Can They Dixit? Yes they Can! Dixit as a Playground for Multimodal Language Model Capabilities
Nishant Balepur, Dang Nguyen, Dayeon Ki

TL;DR
This paper introduces a game-based evaluation framework using the Dixit card game to assess multimodal large language models' capabilities, providing a holistic and objective measure that correlates with traditional benchmarks.
Contribution
It proposes a novel, game-based evaluation method for MLMs using Dixit, addressing limitations of existing benchmarks and subjective comparisons.
Findings
Dixit win-rate rankings align with traditional MLM benchmarks.
Games reveal differences in strategies between humans and models.

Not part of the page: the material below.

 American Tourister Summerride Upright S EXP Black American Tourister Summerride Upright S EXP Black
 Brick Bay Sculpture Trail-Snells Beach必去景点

Framework offers a robust, engaging evaluation approach.
Abstract
Multi-modal large language models (MLMs) are often assessed on static, individual benchmarks -- which cannot jointly assess MLM capabilities in a single task -- or rely on human or model pairwise comparisons -- which is highly subjective, expensive, and allows models to exploit superficial shortcuts (e.g., verbosity) to inflate their win-rates. To overcome these issues, we propose game-based evaluations to holistically assess MLM capabilities. Games require multiple abilities for players to win, are inherently competitive, and are governed by fix, objective rules, and makes evaluation more engaging, providing a robust framework to address the aforementioned challenges. We manifest this evaluation specifically through Dixit, a fantasy card game where players must generate captions for a card that trick some, but not all players, into selecting the played card. Our quantitative…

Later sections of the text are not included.